You’ll know if you have enough hip flexibility if you can touch your knee to your elbow without pain or tension.
How To Fix Crow Pose Misalignments
If you’re struggling to master the crow pose, there’s a chance you’re doing a number of things wrong. Here is how to fix these misalignments.
Spread Your Fingers
To improve your balancing, you need to spread your fingers as wide as possible. This will help to ground the knuckles into the floor, and then evenly distribute the weight across the fingers and palms.
You will also need to rely on your hands rather than put all of your body weight on your wrists, which can cause injury.
Bend Your Elbows
As we mentioned earlier, the difference between the crow pose and the crane pose is that the crane pose requires straight arms.
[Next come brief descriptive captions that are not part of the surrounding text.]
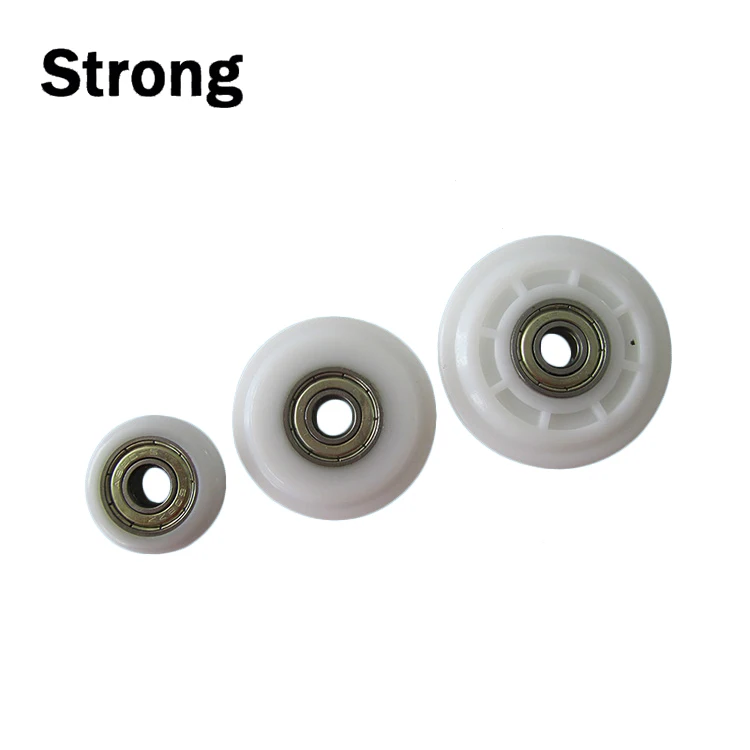 OEM nylon pulley wheels with bearings plastic roller for aluminum sliding door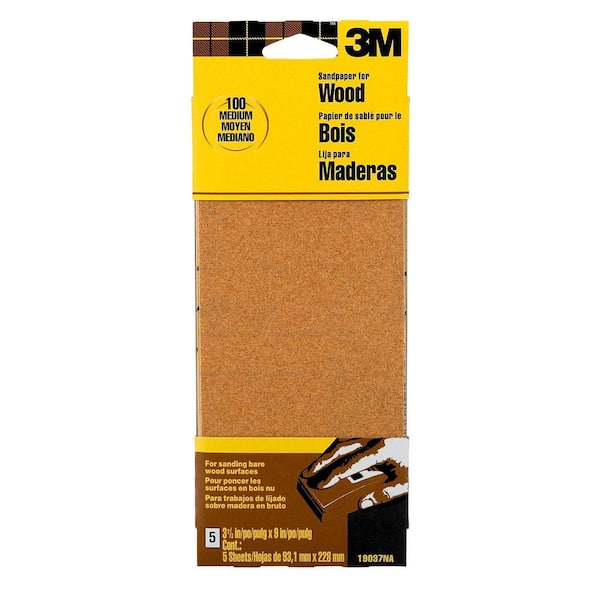 3M High Strength Small Hole Repair 16 fl oz tub and 3M General Purpose Sandpaper Sheets 3-2/3-In by 9-In Assorted Grit 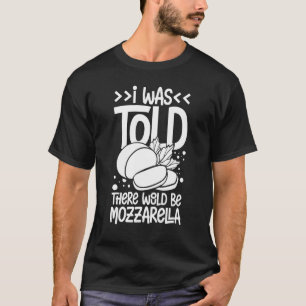 Camiseta Mozzarella Queijo Recebe Buffalo Italiano Fresco 3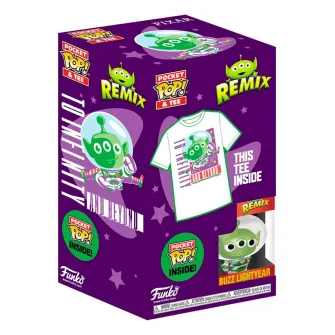 Funko POP! Figure - Pocket POP! & Tee - Disney Alien Buzz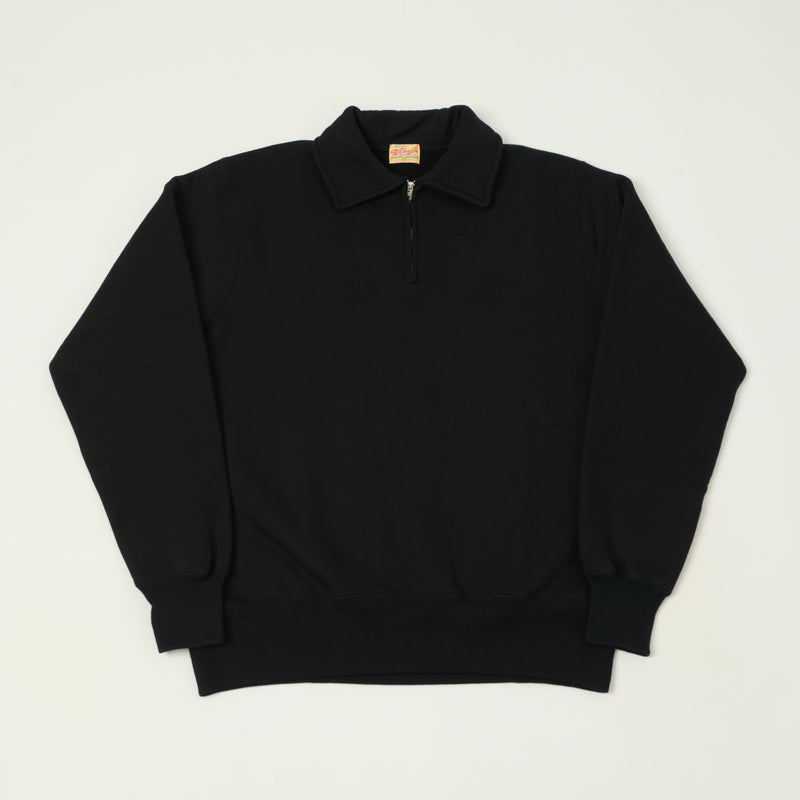 Whitesville Quarter Zip Sweatshirt - Black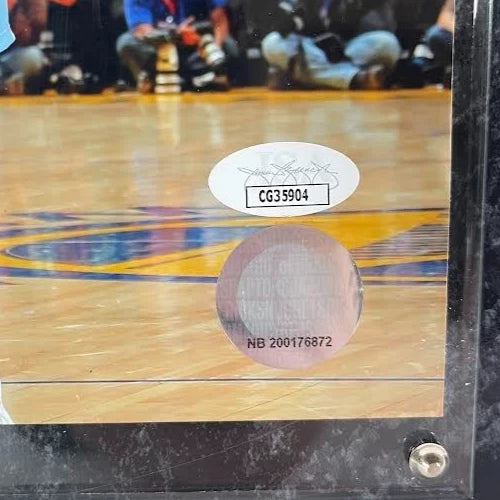 Chris Andersen "Birdman" Autographed Denver Nuggets 8x10 Photo with Plaque JSA COA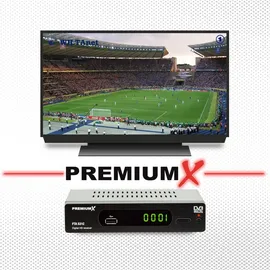 Premium X PremiumX Kabelreceiver DVB-C FTA 531C Digital FullHD SCART HDMI USB Mediaplayer, TV-Receiver Kabel-Fernsehen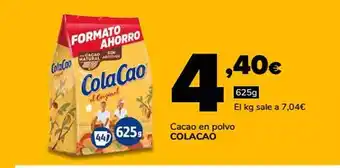 Supeco Cacao en polvo colacao oferta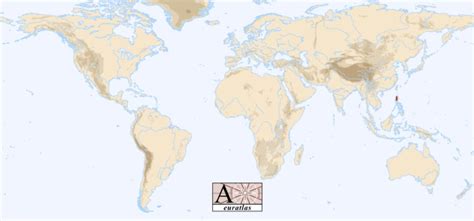 World Atlas The Mountains Of The World Cordillera Cordillera Central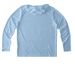 UV Hoodie, a Light Blue UV Performance Long Sleeve Hoodie (back-view)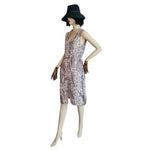 GRAHAM & SPENCER Womens Velvet Dress S Lilac Double Layer Midi Adjustable Straps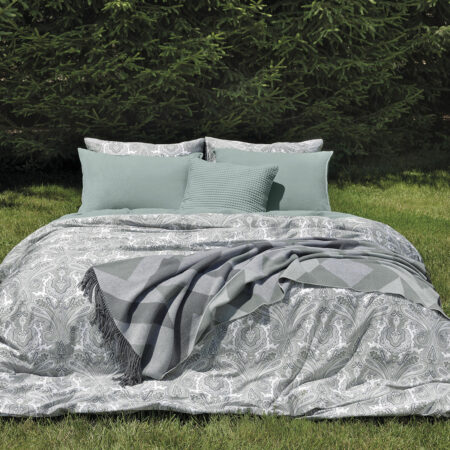 Dekbedovertrek Pordoi Olifantgrijs Extra breed de-slaapfabriek 1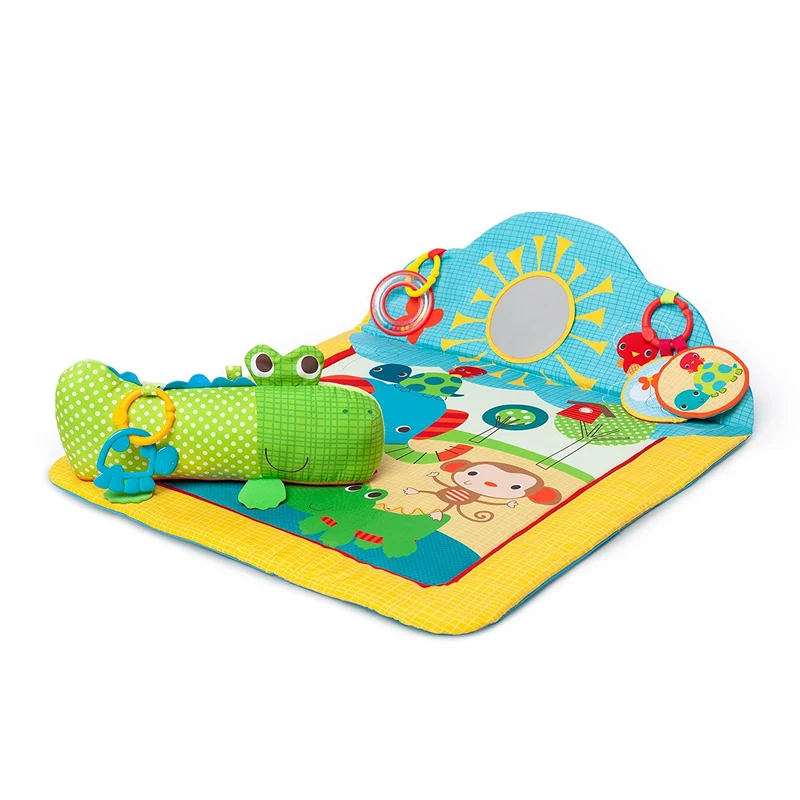 Tappeto Bright Starts Cuddly Crocodile
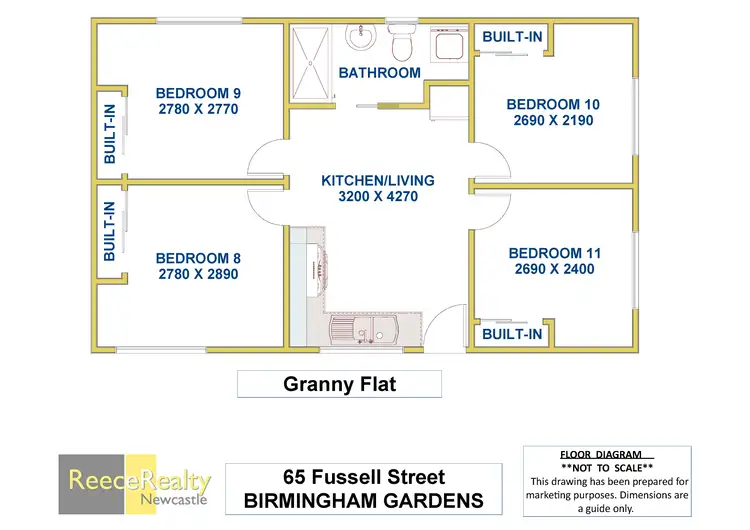 Floorplan of Homely house listing, 65a Fussell Street, Birmingham Gardens NSW 2287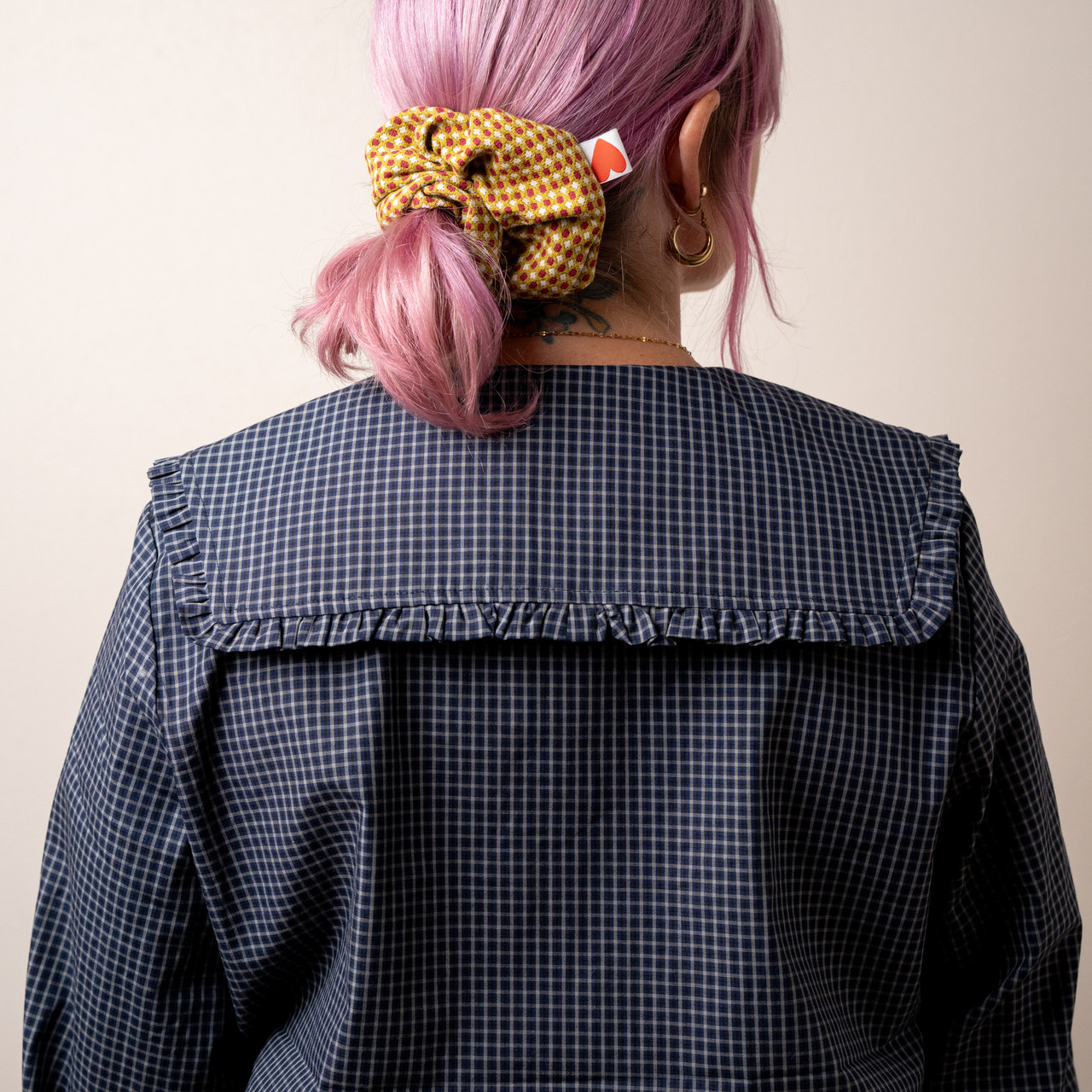 Camicia colletto quadretti blu -  - Le Conturbanti Concept Store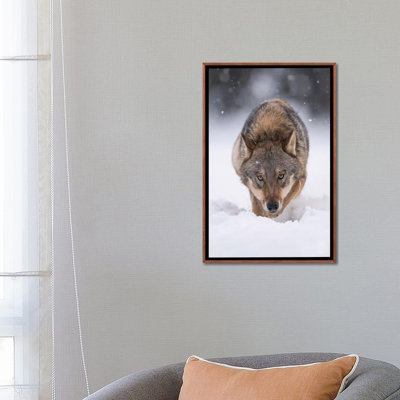 " Wolf Hunting In The Snow " by Dick Van Duijn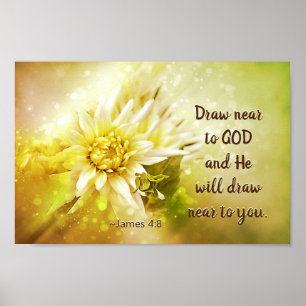 Poster James que o 4:8 tira próximo ao deus, ele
If you’re struggling to hold yourself up, it might be because you haven’t bent your elbows enough.
Don’t be afraid to go into a deep bend – this is what makes the pose easier to accomplish!
Place Your Knees On Your Arms
Resist the temptation to place your knees on the outsides of your arms. While this might feel more comfortable, this is actually a different pose all together, known as the flying frog. Instead, rest your knees on the backs of your upper arms. This will help your balance.
So, there you have it! The crow pose might be a tricky yoga pose to master, but once you have accomplished the pose, there are several variations that will challenge your balance, flexibility, and strength.